Youkilis:
I like that story.... Especially the ending.
During the last upland game bird season, I had a few of my friends from the casting club join my wife and I for quail and chukar hunting.
They're shotgunners, my friends are. Serious ones, too. AyA side-by side 28 guage and Beretta 686 serious. My wife did most of her hunting with them and carried her shotgun most of the time.
We'd leave our 20 acre hunting camp which borders the National Forest on two sides, and drive about a mile so so from the gate to the area we like to hunt in. My wife would take off with my two shotgunning pals and the Britainey "Spastical" and they would go there way while I would take an air rifle and my 4 year old daughter and 7 year old son and go my way.
It's nice to hunt with younger eyes. They notice things I might take for granted. Things like pretty rocks. Indian paintbrush blooming with their delicate little orange flowers. Cooper's hawks perched in trees. Clouds that morph into shapes that look like everything from cars to cheeseburgers, at least to them.
Off in the distance, we'd eventually hear the popping of the scatterguns going off as we took our little strolls across the desert. I can't say that I ever came back to the Jeep empty -handed, as I was often carrying one kid or the other after walking them a little too ragged.

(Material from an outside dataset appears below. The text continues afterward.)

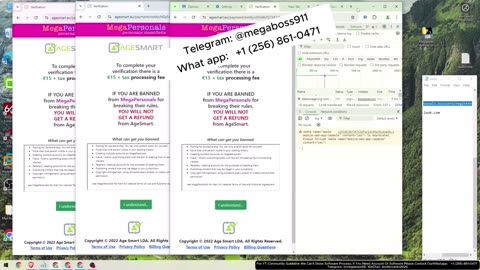 🛠️ Utilize software para criar e vender contas pessoais Mega e verificar
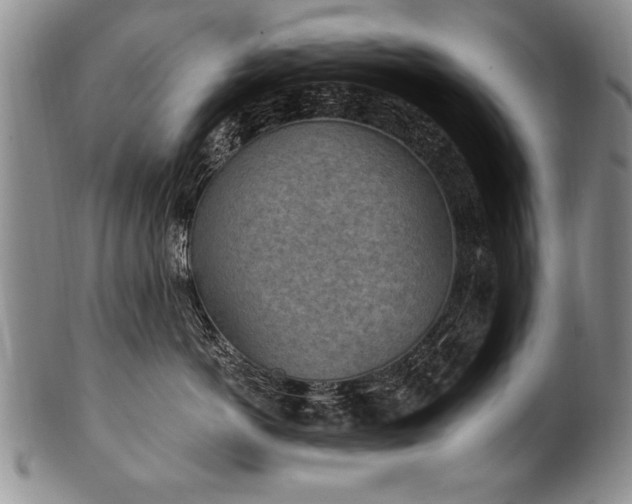 X0000101110766200806261412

It's kind of hard to shoot when you've got a four-year old in your arms...........
But the hunt for me isn't about the killing. It is about being in the position to kill. Killing is something I've done plenty of. It is always the low point of the hunt for me, and something that I'd do without if there was some way to eat a quail, cottontail, or chukar without killing first.

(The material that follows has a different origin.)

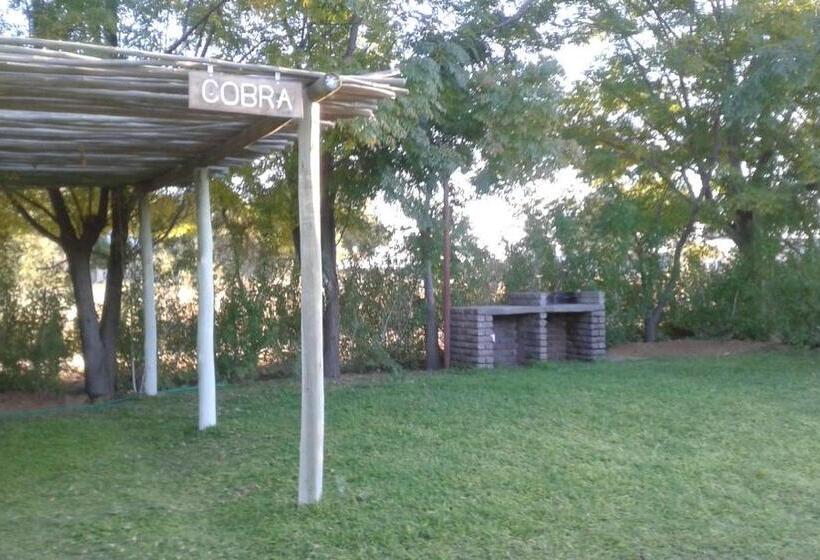 ペンション Kalahari Camelthorn Guesthouse And Camping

Back at the Jeep, with the shotgun-toters with near limits and me often with two worn-out kids and an empty bag, wife and friends all say how sorry they are that I've got these kids "cramping my style" and the wife invariably volunteers to take them on the afternoon hunt.
I decline. They don't really cramp my style. Oh, I KNOW I'd get more game without dragging them across the desert slope of the mountains with me. But I also know about the other things I'd miss.
I'd miss those pretty rocks, and those clouds shaped like so many things, and the sense of wonder they express when seeing a Cooper's hawk snatch a quail out of the buckbrush just a few yards from their feet, and those glorious sunsets, with the sky ablaze in hues of orange, purple, and magenta, with my kids falling asleep in my arms, while I sit on some boulder and watch a covey of mountain quail wander by less than 25 yards away, instead of waking them, which I would surely do if I made a move for my rifle that rests in the crook of a deadfall's branches.
Back in camp, I can still call that a successful hunt.